Please repeat the whole listing exactly, but leave out any picture it holds.

◆ **Data below**
== Segment start ==

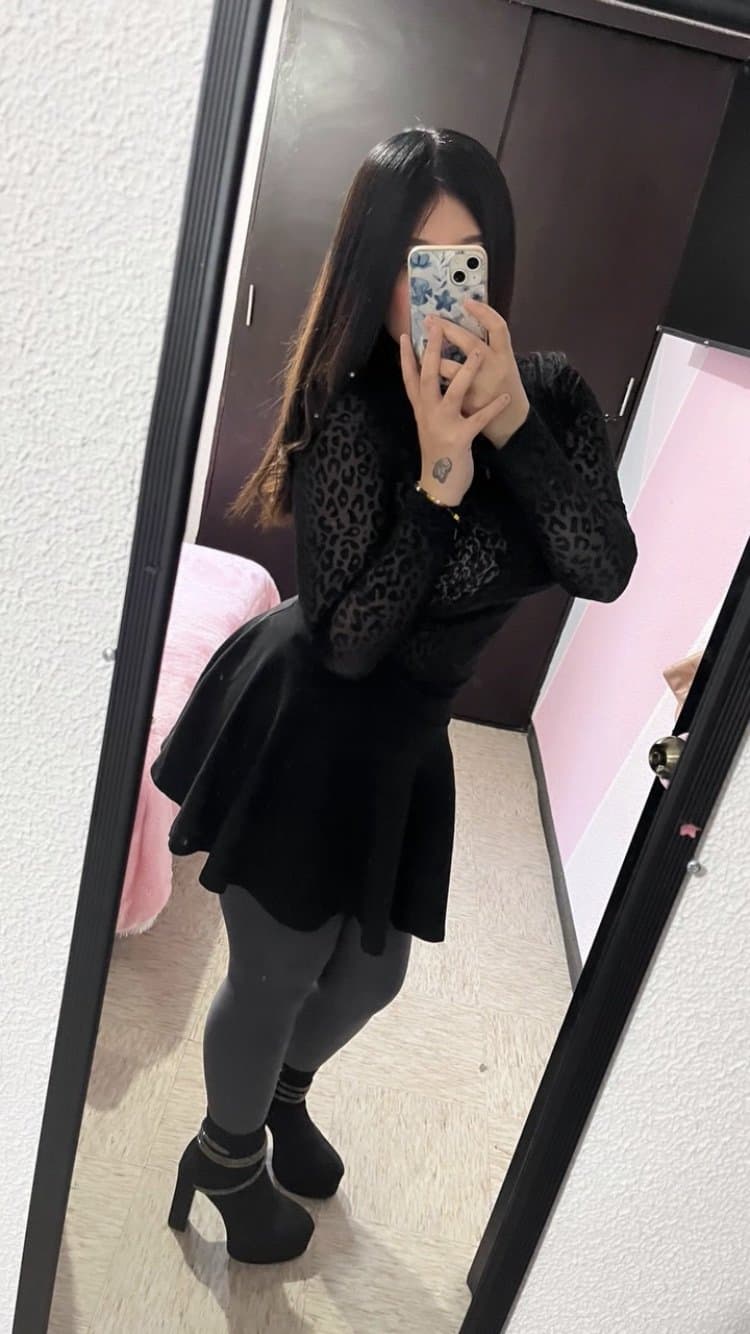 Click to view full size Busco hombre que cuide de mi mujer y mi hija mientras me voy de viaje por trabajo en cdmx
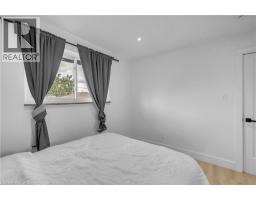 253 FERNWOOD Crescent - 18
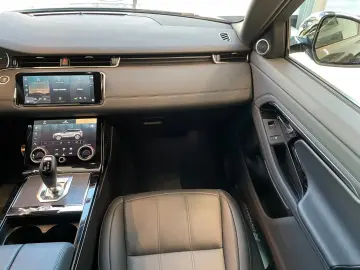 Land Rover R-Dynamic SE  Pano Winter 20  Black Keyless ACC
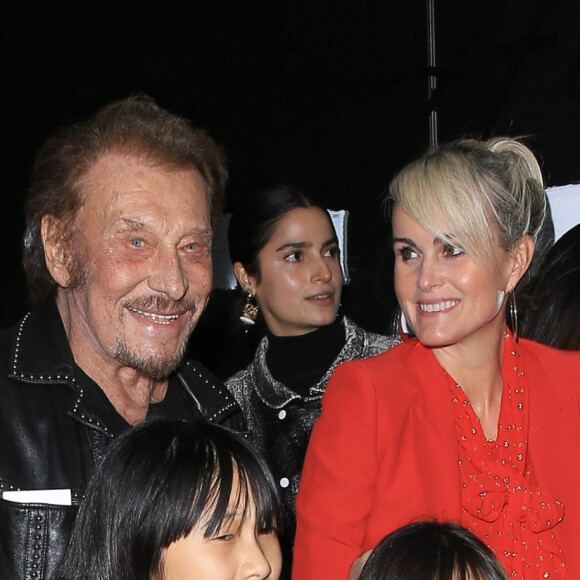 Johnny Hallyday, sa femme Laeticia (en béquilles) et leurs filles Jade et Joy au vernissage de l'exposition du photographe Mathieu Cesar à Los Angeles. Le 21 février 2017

== Segment end ==

◆ **Result**
 Click to view full size Busco hombre que cuide de mi mujer y mi hija mientras me voy de viaje por trabajo en cdmx
 253 FERNWOOD Crescent - 18
 Land Rover R-Dynamic SE  Pano Winter 20  Black Keyless ACC
 Johnny Hallyday, sa femme Laeticia (en béquilles) et leurs filles Jade et Joy au vernissage de l'exposition du photographe Mathieu Cesar à Los Angeles. Le 21 février 2017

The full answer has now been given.